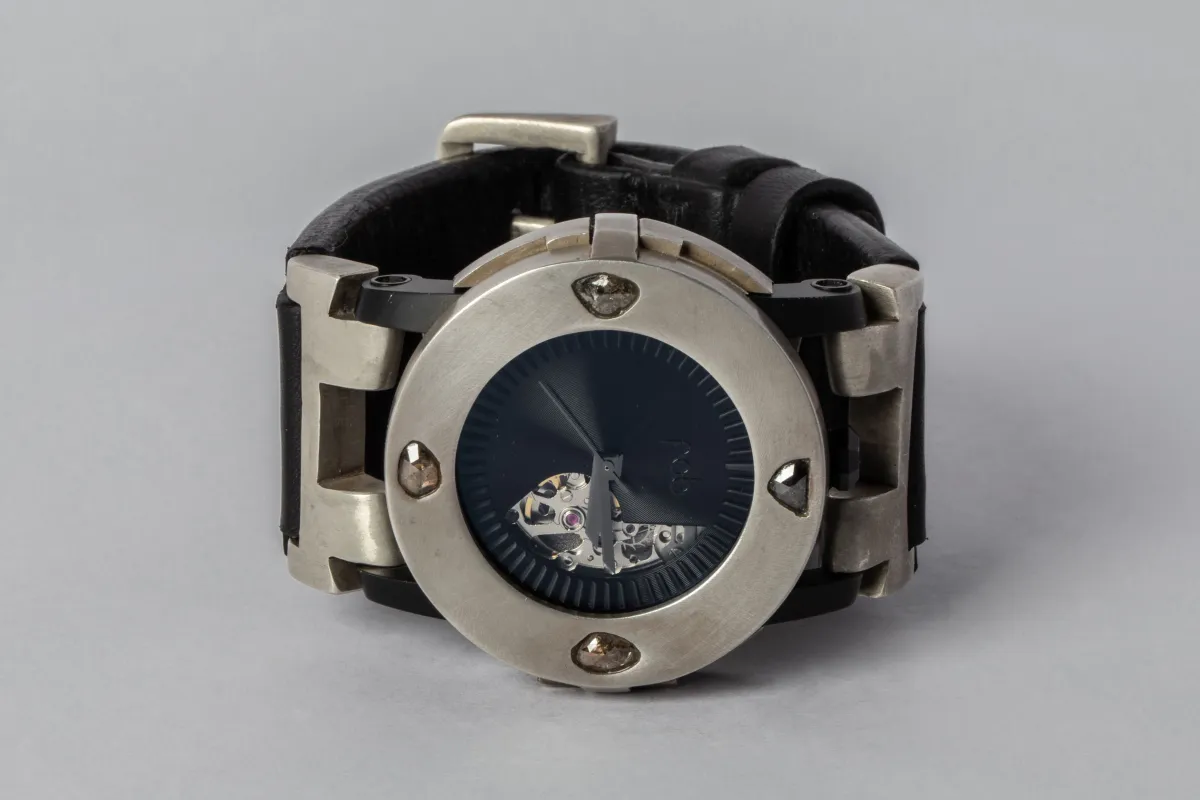 P4—FOB Watch #248 (Case [0.8 CT, 4 Diamond Slabs], Straight Strap [Buckle], Phantom, DA+DIA-DA-NG) sold by Parts of Four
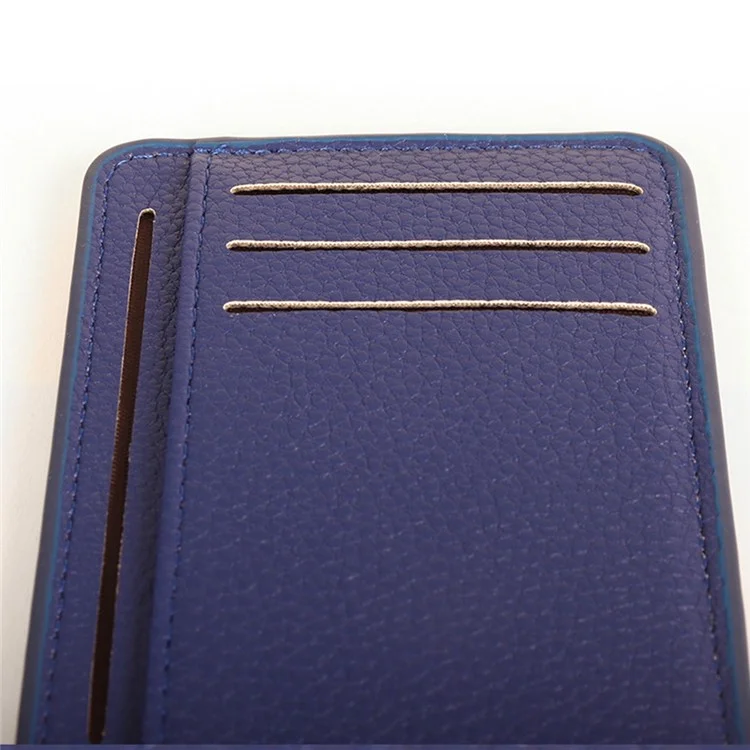 Cartera de cuero con textura de litchi con 8 ranuras para tarjetas y monedero - Negro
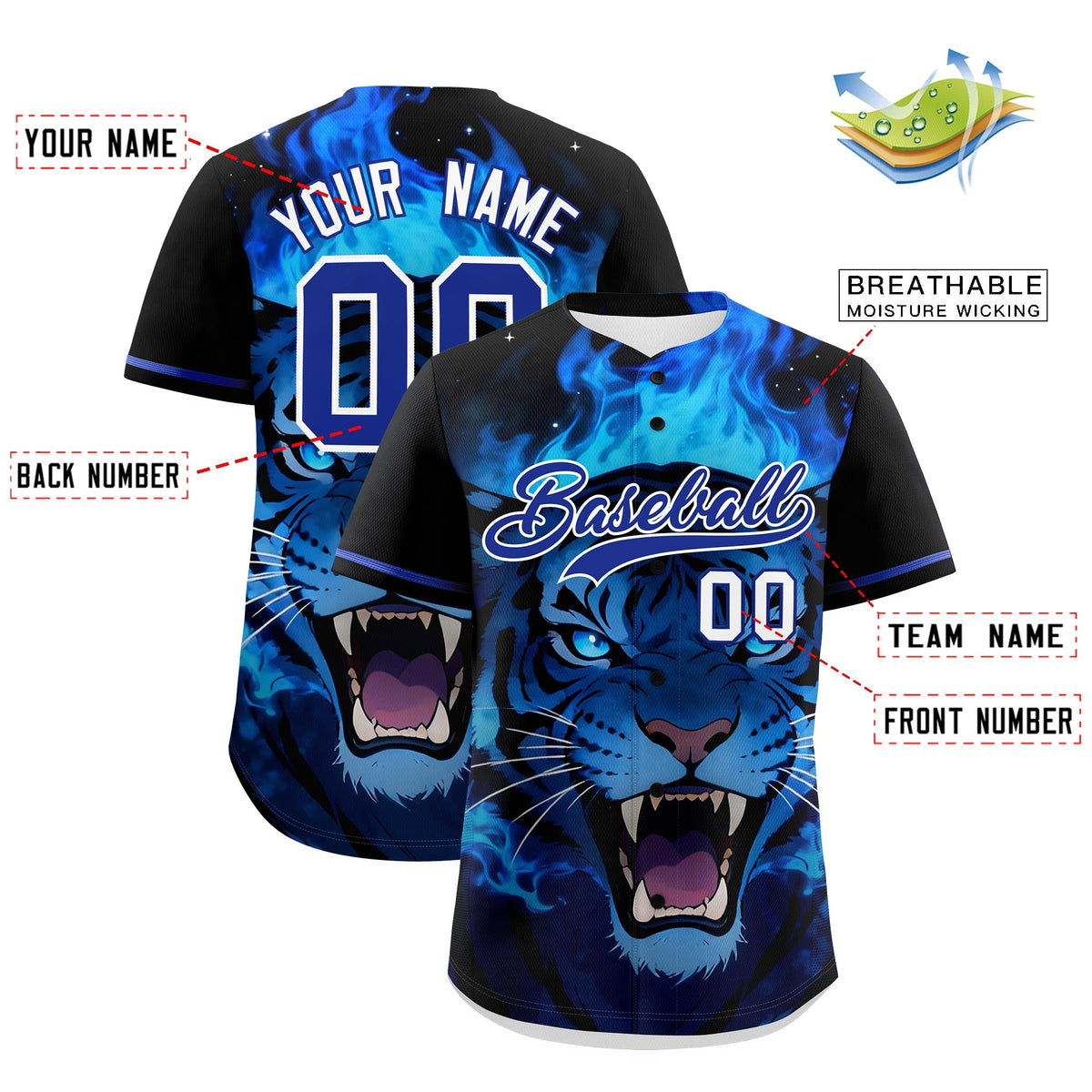 Custom Black Royal Blue White Tiger Animal Series Personalization Graffiti Pattern Baseball Jersey| KXKSHOP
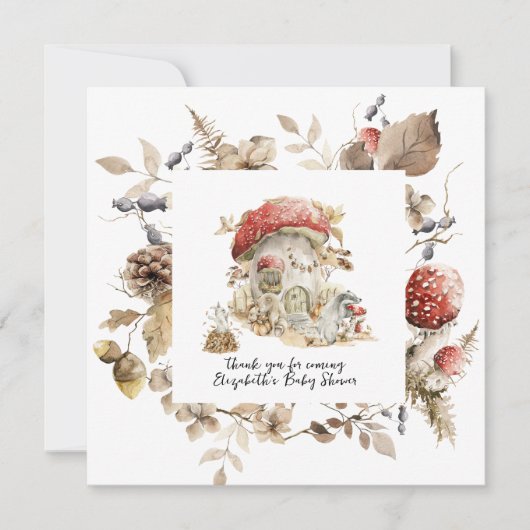 Herbstdusche aus Waldwald Pilzsäulendusche Einladung (Vorderseite)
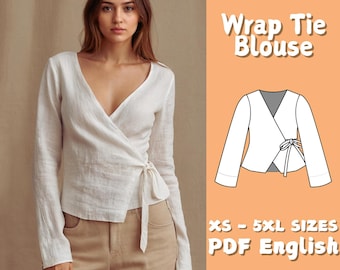 Naaipatroon overslagtop: strikblouse met lange mouwen (pdf-download)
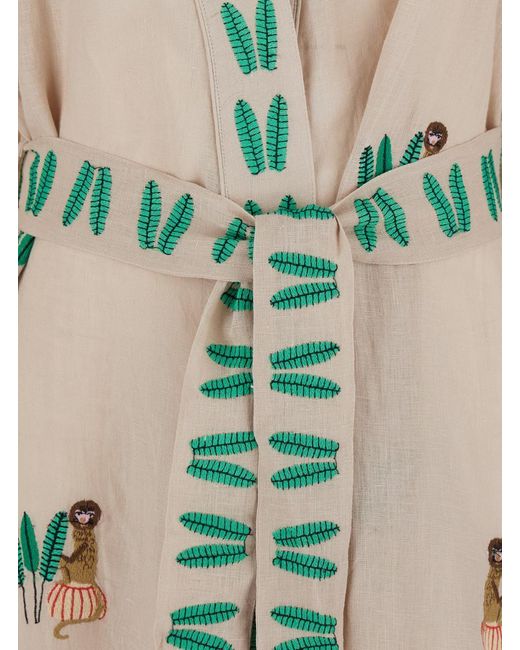 Nimo With Love White Cardigan With All-Over Applied Embroidery And Waist Belt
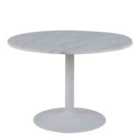 Furniture To Go Tarifa Round Dining Table With White Polished Marble Top And White Base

══════════════════════════════

* What you will do: Every line above goes into the copy unchanged; the pictures do not.

* Your response:
 P4—FOB Watch #248 (Case [0.8 CT, 4 Diamond Slabs], Straight Strap [Buckle], Phantom, DA+DIA-DA-NG) sold by Parts of Four
 Cartera de cuero con textura de litchi con 8 ranuras para tarjetas y monedero - Negro
 Custom Black Royal Blue White Tiger Animal Series Personalization Graffiti Pattern Baseball Jersey| KXKSHOP
 Herbstdusche aus Waldwald Pilzsäulendusche Einladung (Vorderseite)
 Naaipatroon overslagtop: strikblouse met lange mouwen (pdf-download)
 Nimo With Love White Cardigan With All-Over Applied Embroidery And Waist Belt
 Furniture To Go Tarifa Round Dining Table With White Polished Marble Top And White Base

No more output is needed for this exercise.